Kassam Tugaylarının Aksa Tufanı operasyonuna “Aksa” isminin verilmesi ve Gazze halkının her şehid verdiğinde “Aksa’ya feda olsun” diyerek bayraklaştırdığı şehitler aslında sürecin merkezini belirlemeye yetiyor. Mescid-i Aksanın taksim edilmesi gibi tehlikeli ve Aksa’yı tehdit eden süreç meselenin kopma noktasını oluşturmuştur.

  1. Ambargolar ve Ablukalar

Gazze 17 yıldır ambargo ve abluka altında yaşam sürdürmektedir. Gazze’de uygulanan abluka insanlığın bir benzerini daha önce hiç tecrübe etmediği bir ablukadır. Dünyanın en büyük açık cezaevi olan Gazze asgari yaşam koşullarını dahi sağlayamaz hale gelmiştir. 3 milyona varan nüfus, keyfi açıp kapatmalarla yönetilen tek nefes kapısı refah sınır kapısı, Mısır baskısı, eğitim, gıda, Sağlık, sanayi her alanda büyük bir ambargo uygulanmaktadır. Bu zor şartlar Ramallah hükümetinin maaşları ödememesi, İsrail ile işbirliği içinde Gazze’yi cezalandırması artık Gazze halkını ablukanın kırılması konusunda Kassam Tugaylarına baskı yapar hale getirmiştir. Zira bu şartlar altında 17 yıllık ambargo ve abluka sürecinde 5 büyük savaş yaşanmış, meşru seçimlerin galibi olan insanların hükümeti teslim etmeleri istenmiş ve birçok meşru lider suikastlarla şehit edilmiştir. Ablukanın ve ambargonun kaldırılması konusunda Uluslararası girişimler yıllardır sürmektedir fakat hiçbir sonuç alınamamaktadır. BM İsrail konusunda Amerika’nın baskısı altındadır ve kurumsal yetkinliğini kaybetmektedir. Bütün bu durumlar Gazze’de nihai olarak halkın ve meşru direnişin genel yönelimi ablukanın ve ambargonun net bir biçimde kaldıracak bedelin ödenmesine yöneltmiştir. Zira her hâlükârda Gazze beş savaş yaşamış ve her gün bu şartları yaşamaya itilmiştir. Gazze Halkı kendi iradesi ile milli bir uyanış ortaya koymakla kendi sorunlarını çözme iradesi ortaya koymuştur.
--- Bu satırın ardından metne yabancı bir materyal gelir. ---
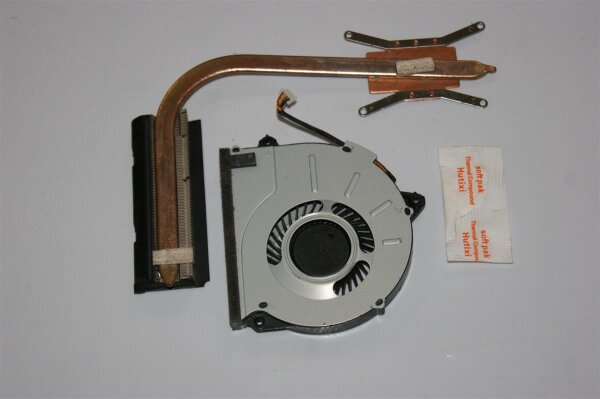 Lenovo G50-70 Kühler Lüfter + Wärmeleitpaste AT0TG0010W0 #3536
  1. İsrail’in Gazze Planı

İsrail uzun zamandır Gazze’den, Hamas’tan kurtulmak gibi planlar yapmaktadır. Fakat bu planları birtakım küresel ekonomik planların bir parçası olarak sürdürmekte ve ilk olarak bölgedeki Arap ülkeleri ikinci olarak küresel çapta bu ekonomik ve stratejik plandan faydalanacak ülkeleri bu planlara dahil etmektedir.  İsrail’in Gazze ve Filistin’e yönelik planları çeşitli vesileler ile parça parça ifade edilse de belirli kısımları artık netlik kazanmıştır.

Doğu Akdeniz petrol/ gaz konusudur. Gazze’nin ve Filistin’in doğal hakları gasp edilmek istenmektedir. İsrail uzun zamandır birçok aracılık ile Gazze yönetimine direnişi bırakmaları, Aksa davasından vazgeçmeleri karşılığında Gazze’nin “Singapur” gibi bir ülkeye dönüşmesini vaat etmektedir. Fakat Gazze ve Filistin Halkı Aksa karşılığı olacak her türlü pazarlığı reddetmektedir.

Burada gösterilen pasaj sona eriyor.